Weber’s opera had its premiere in 1821, the year Wagner’s stepfather Geyer (whose name means “Vulture”) died. Wagner learned the score as a child and played excerpts to his dying stepfather. One of Wagner’s biographers, Joachim Köhler illuminates fascinating details between the life and works in Richard Wagner: The Last of the Titans (Yale, 2004). One such parallel is in the first bird the hunter shoots in the folktale upon which Freischütz is based. Johann Apel, author of the original story, lived in the same Leipzig house where Wagner had some of his earliest, and according to Köhler, “darkest experiences.”
After making the deal with the “dark tempter,” the hunter shoots, and “a great vulture [Geier] fell bleeding to the earth.” In Weber’s opera the bird is an eagle [Adler]. Nietzsche uses a pun on the identities of the birds to reinforce the (false) claim that Geyer was actually Jewish. “A Geyer [vulture] is almost an Adler [eagle] – that is, a Jew,” quotes Köhler. This enigma nagged Wagner, who was uncertain about the identity of his real father. It shines at least a sliver of light on a possible origin of his notorious and odious anti-semitism. Richard Wagner was known as Richard Geyer until he was a teenager. Regardless of the origin and veracity of such biographical enigmas, the importance of the archetype of the felled bird is a potent symbol. As I mentioned in an essay below about the origins of the “Flying Dutchman” legend, Coleridge’s “The Rime of the Ancient Mariner” features both the “Ghost ship,” and more importantly for his ballad, the shot-down Albatross, ominously hung around the neck of the offending mariner. Near the start of Wagner’s ultimate opera, Parsifal shoots a swan. Like the mariner, he spends the rest of the story atoning for it.

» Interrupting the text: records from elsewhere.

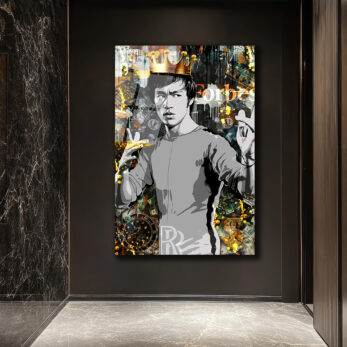 Efsane Bruce Lee Kral Taçlı Modern Cam Tablo - Glazella Efsane Bruce Lee Kral Taçlı Modern Cam Tablo - Glazella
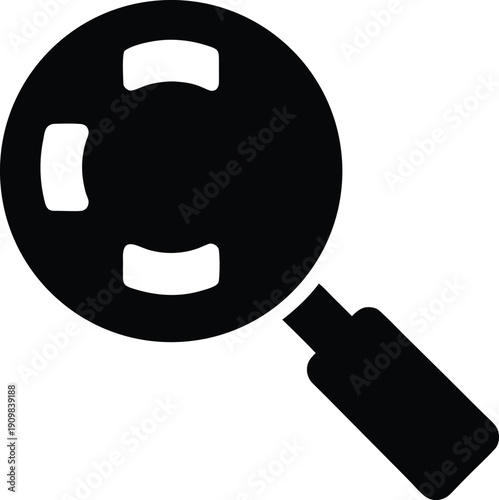 search magnifying glass silhouette vector illustration on transparent background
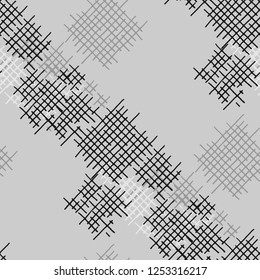 Grunge Seamless Tartan. Abstract Pattern. Trendy Hand Drawn Texture with Shabby Crossing Lines. Black and White Vector Pattern for Calico, Print, Textile. Abstract Seamless Pattern.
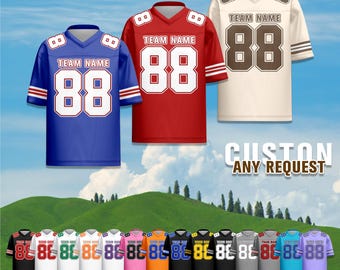 Custom Football Jersey Team Name Number Personalized Football Shirt Game-Day Apparel For American Football Fans Jerseys For Men Women Youth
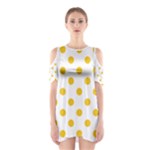 Polka Dots - Deep Lemon Yellow on White Women s Cutout Shoulder Dress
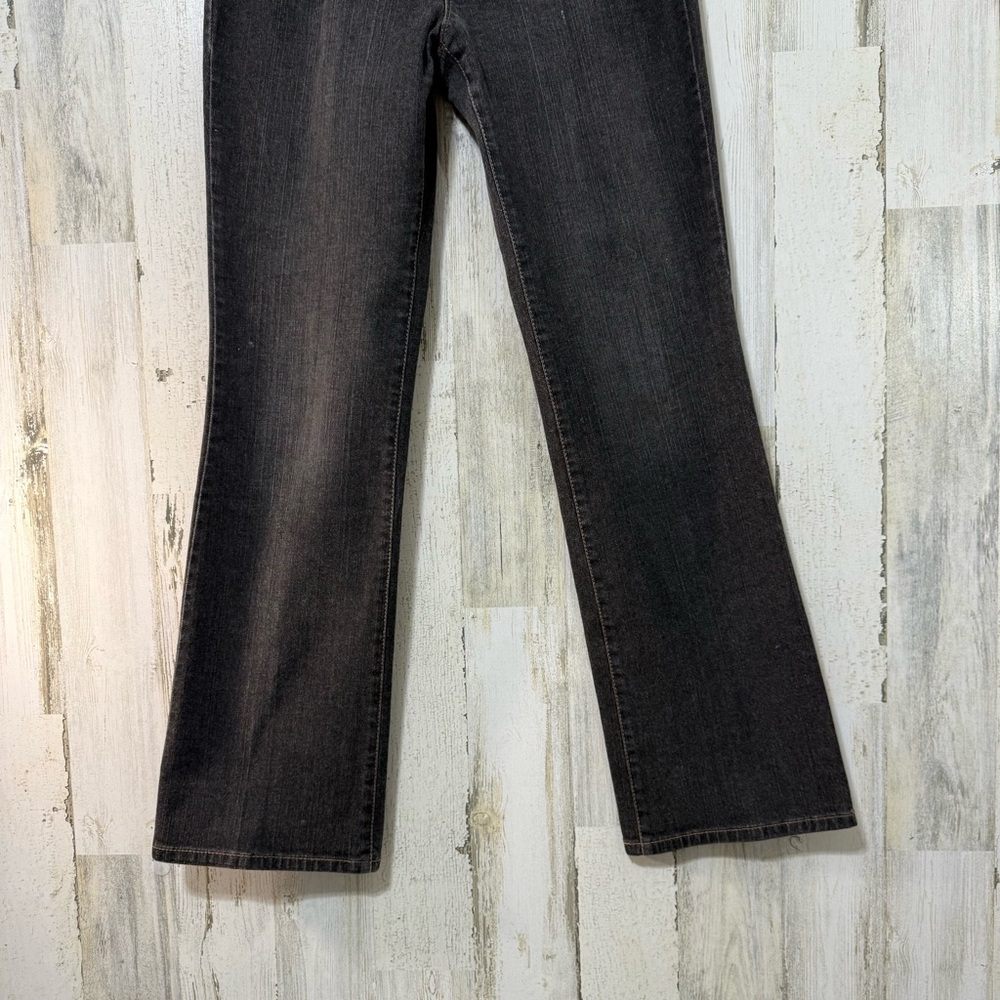 LOFT Curvy Boot Wide Leg Brown Black Dusty Denim Jeans Low Rise - Picture 2 of 14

Returning to Weber’s opera and Wagner’s vivid description of it, we find his essay concentrates entirely on this famous “Wolf’s Glen” scene. In the opera, it is the finale of the second act where the young protagonist Max invokes the name of the Mephistophelian “Dark Hunter,” Samiel. In this Faustian pact, he trades his soul for seven “magic bullets” with which he can win the shooting contest as the “Free Shooter” (Der Freischütz), and win the hand of his beloved Agathe. Here Wagner is describing the hunter’s approach to the mysterious lair.
“Arrived at the verge, he had looked down into an abyss, whose depth his eye could never plumb: jagged reefs of rock stood high in shape of human limbs and terribly distorted faces; beside them heaps of pitch-black stones in form of giant toads and lizards; deeper down, these stones seemed living; they moved and crept and rolled in heavy, ragged masses; but under them the ground could no more be distinguished. From thence foul vapours rose incessantly, and spread a pestilential stench around; here and there they would divide, and range themselves in ranks that took the form of human beings with faces all convulsed…”
Wagner’s description of the scene is as fantastic as the vivid prose of E.T.A. Hoffmann or Edgar Allen Poe. Wagner’s interest in Gothic fantasy is evident in his essay, and informs the world of his next music drama, the “poem” (libretto) of which was begun in and around his 1841 sojourn to Paris. That poem would evolve to become his first great music drama, The Flying Dutchman.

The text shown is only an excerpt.